Jill Kitson: Was it common across all 15 countries for there to be some children who at the end of Grade 1 or Grade 2 you would label dyslexic, or is there some language there in amongst all those languages, that any child can learn to read?

Philip Seymour: Well that's an interesting question, obviously. If one looks at the distribution for the easier languages, then you find that the great majority of children are bunched together at the top end of the scale, but there is a tail of children who are doing less well. No real examples of children who couldn't read at all, but a few who are reading less well than the majority.
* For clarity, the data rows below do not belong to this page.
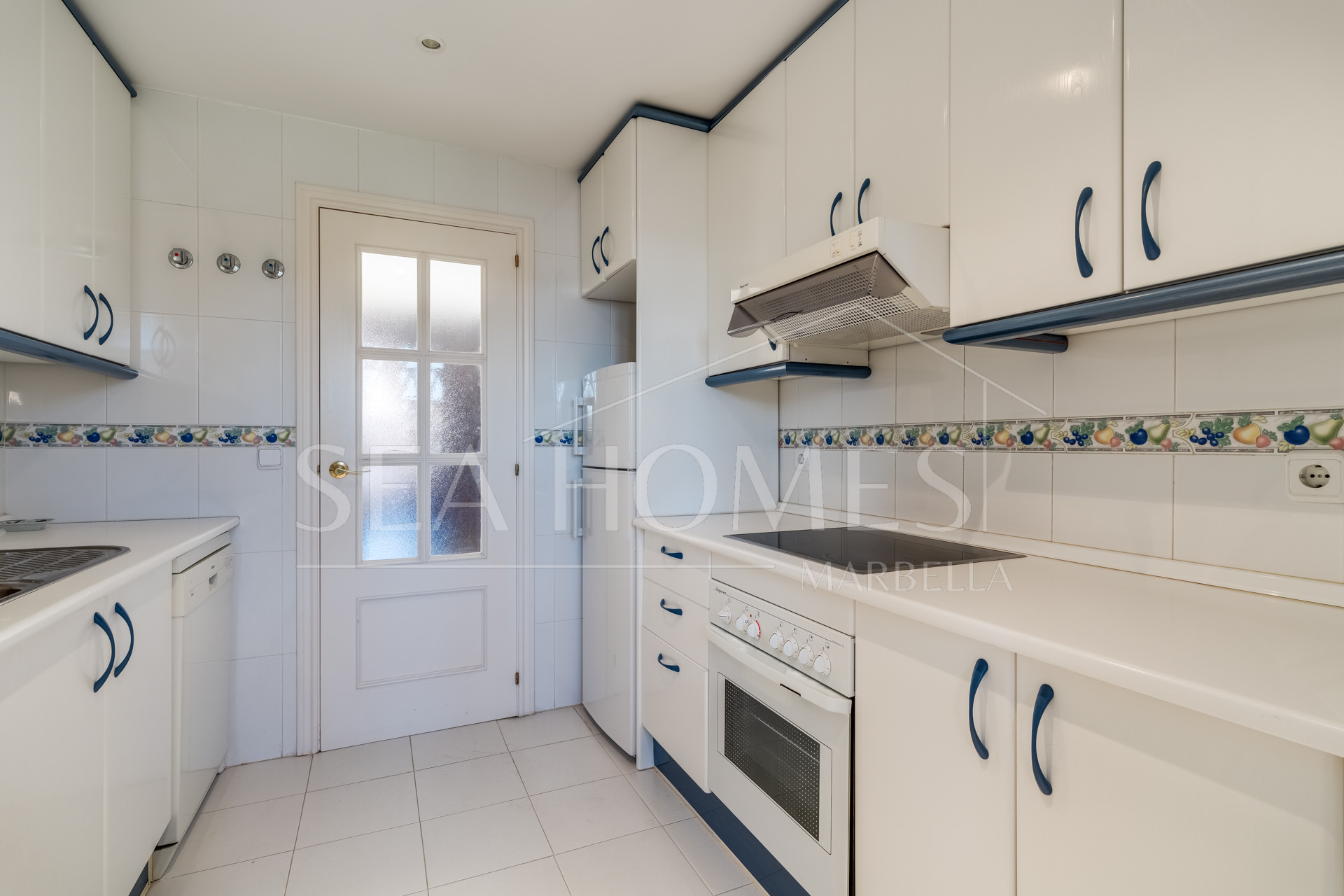 Elegant two bedroom, south-west facing apartment in the gated community El Infantado on Marbella’s Golden Mile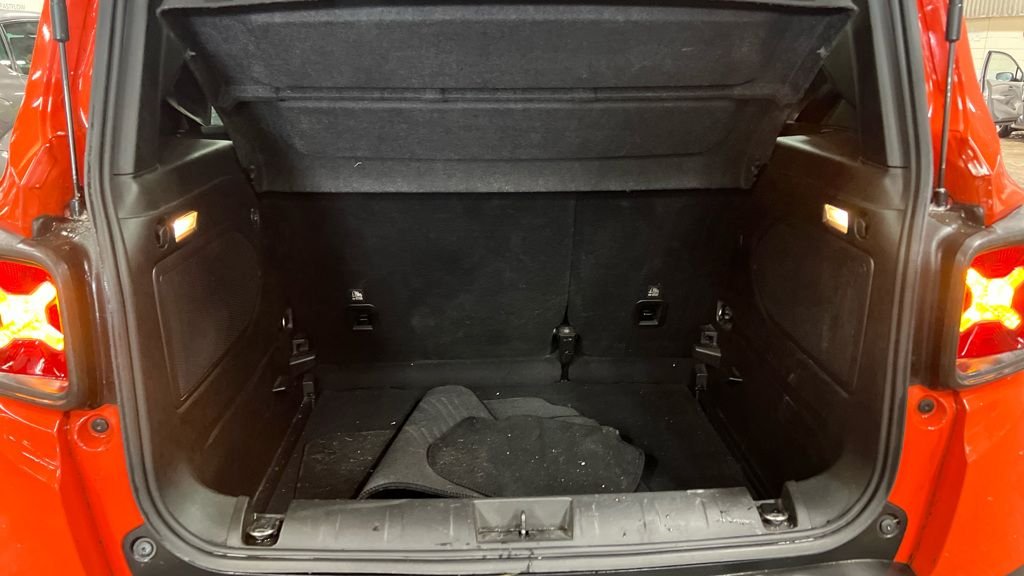 Used Jeep Renegade 2015 for sale - 77642888: Photo 7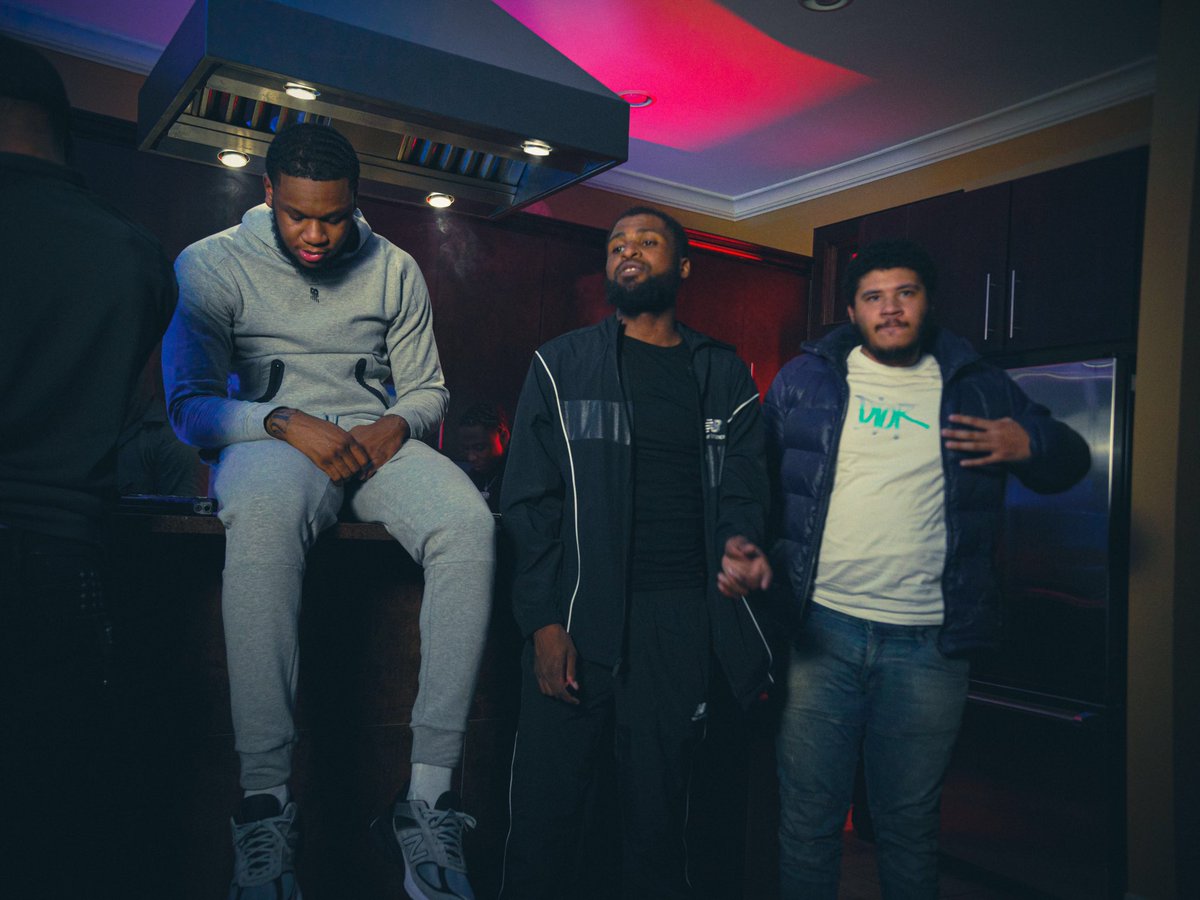 blumbergfour's tweet image. We Gone Get This Money Give Af Bout Niggas Liking Us 🏴 #LLDG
So you could define dyslexia in that way for those languages. I suppose the point is that in English it would be a much more extreme failure which would count as dyslexia - in terms of being outside the distribution - than you would find in these other languages.

Jill Kitson: So what are the problems of English? Danish is the next hardest it seems, but English is strikingly harder to learn. It has this wonderful ability to take in words from many, many different languages, but is this actually creating the problem that we have with children learning to read?

Philip Seymour: It may be what's creating the problem at this early stage of reading, in that as you say, you have words which have come in from many different sources, and they've all got slightly different bases for their spelling, and that's what produces this great amount of inconsistency in English spelling. So that's producing problems for the early stage of learning to read. Of course there may be other aspects which come in later on: it may almost be an advantage to have a language in which the spelling signals the meanings of words or their grammatical structure and so forth, which is what happens in English.

Jill Kitson: Now of the Romance languages, French and Portuguese are harder to learn, and so what are the characteristics there that make them less easy to learn than other Romance languages?

Philip Seymour: Well I think they have a certain degree of what are called orthographic depth in that in French you may have multiple letters to represent phonemes and there's inconsistency, the spelling is influenced by the meaning or morphology of words; there are silent letters which have to be there for grammatical reasons, but which may not be pronounced and so forth.

So it is quite complex. Not as complex as English but not so different.

Jill Kitson: One of the things that I found myself considering was the fact that with English being the global lingua franca of commerce, popular entertainment, of the Internet, international relations and so on, this is rather paradoxical. But I wondered whether it means that global English has to be more like the English of, say, Grade 3 readers, a vocabulary that has simple syllables and simple phonetic correspondence; that from global English, the more difficult and complex words will simply be screened out.

Philip Seymour: I suppose that might happen; that would be a kind of world wide revolution in English spelling which could happen. I mean as you say, it is strange in a way that the language which is very widely used is the one in which it is perhaps most difficult to learn to read. Whether people learning English as a second language do find our spelling system a problem, I'm just not quite sure. Most of the people I know who have learned English and are using it in academic work and so forth, don't seem to me to keep complaining about the spelling system.

Jill Kitson: And just lastly: why did children learning Finnish, which is a sort of completely exotic one-off language, why is that easier to learn?

Philip Seymour: Well it has a simple syllable structure and it has a very, very consistent spelling system, so that's probably the main point. The language itself seems to me to be tremendously complex, if one was wanting to learn to speak it, because each word has numerous grammatical components attached to it in many, many different combinations, so it looks very, very complex to us to understand. But from the point of view of the reader it is straightforward and simple.

Jill Kitson: Philip Seymour, Professor of Cognitive Psychology at the University of Dundee.

And that's all for this week's Lingua Franca.